Suppose that (a, f(a) ) is a local max for a continuous function y = f(x). Then for small h what can we say about the sign of f(a+h) - f(a)?
If f(a) is the max value then f(a+h) < f(a) and f(a+h) - f(a) < = 0.
This is true whether h is positive or negative (it doesn't matter whether a+h is to the left or to the right of a).
If we assume that f(a+h) - f(a) < 0 it follows that when h is positive the ratio will be negative / positive, or negative, and when h is negative the ratio will be negative / negative or positive.
If f(a+h) - f(a) = 0 then the ratio will be zero, whether h is positive or negative.
So we conclude that if h > 0 the ratio is <= 0, and if h < 0 the ratio is >= 0.
Now we note that the limiting value, as h -> 0, or the ratio [ f(a+h) - f(a) ] / h is the derivative f ' (a). We have assumed that f is differentiable at a so we know that the derivative must exist.
How do your answers make it inevitable that lim{h -> 0} [ f(a+h) - f(a) ] / h = 0?

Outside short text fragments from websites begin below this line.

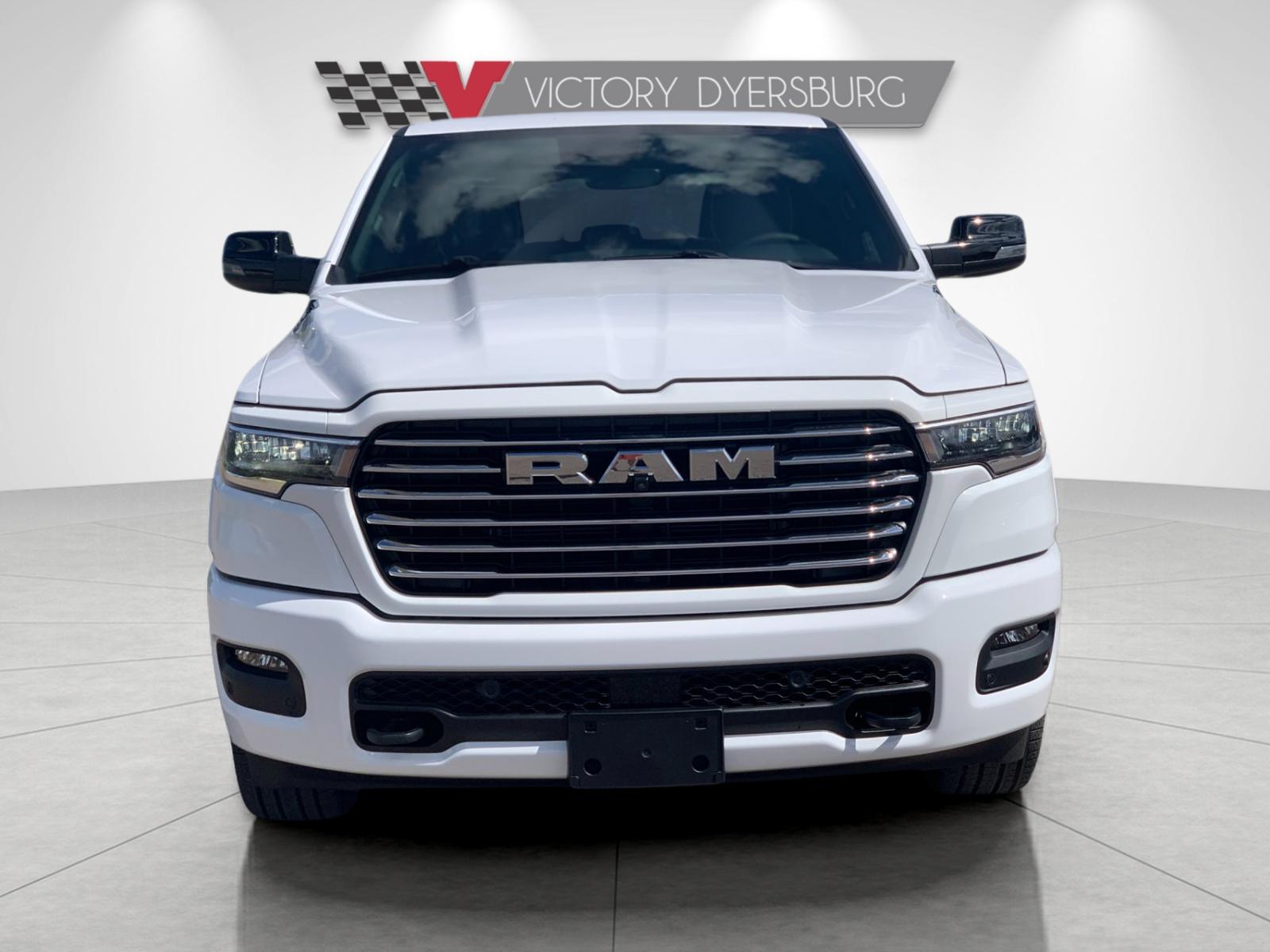 New 2027 Bright White Clear-Coat Exterior Paint RAM Laramie image 9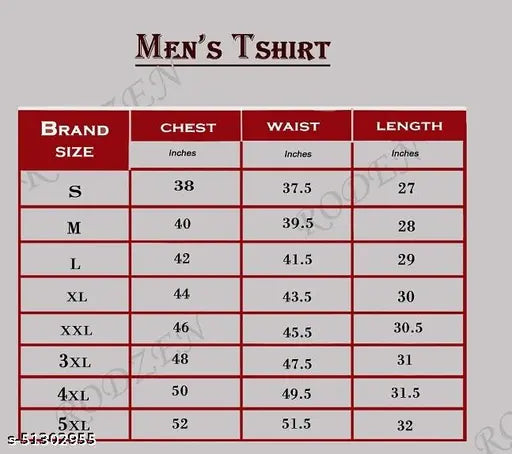 Rodzen Men's Printed Round Mustard Tshirts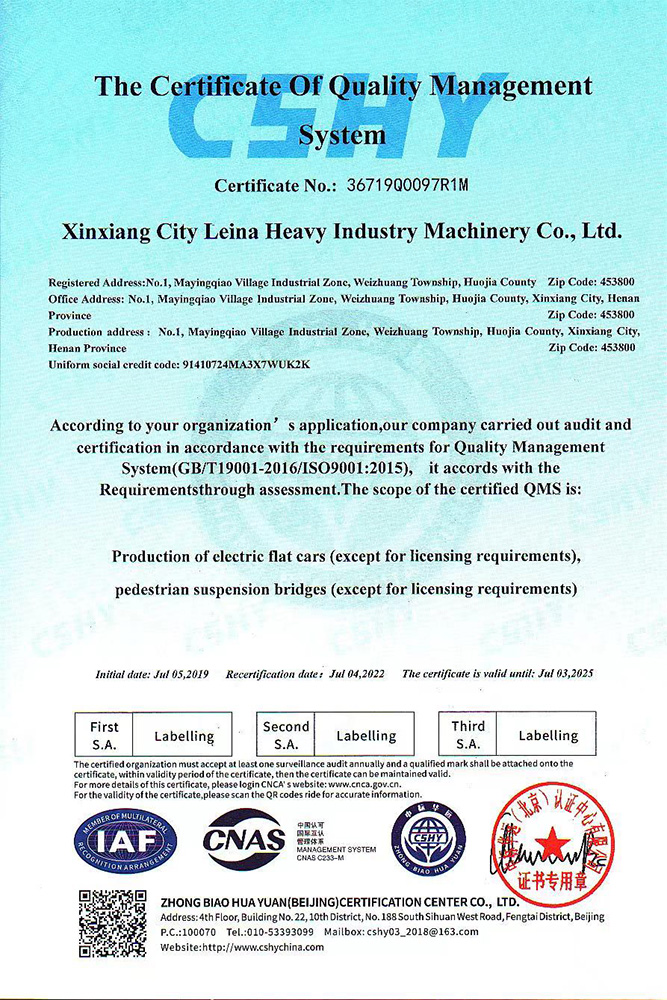 Y Tystysgrif System Rheoli Ansawdd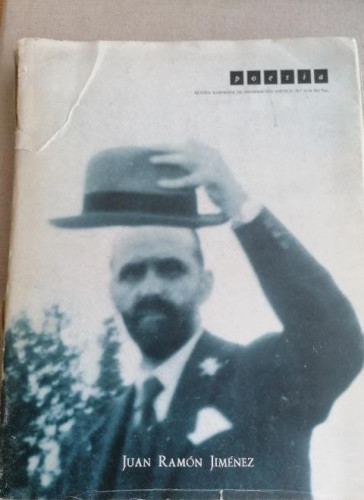 Portada del libro de Poesía. Revista ilustrado de información poética, Nº 13-14. Invierno 1981-82. - Juan Ramón Jiménez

If the limit exists then the left-hand and right-hand limits must exist. However the left-hand limit involves values of h < 0 so from what we saw earlier the left-hand limit is < = 0; and the right-hand limit involving values of h > 0 we know that the right-hand limit is >= 0.
The two limits must be equal, so they must both be zero.
What does this tell you about the derivative of f(x) at x = a?
This tells us that the derivative of f(x) at a is f ' (a) = 0.
This proves that the derivative of a function is zero at a relative maximum. It would be as easy to prove the same for a relative minimum.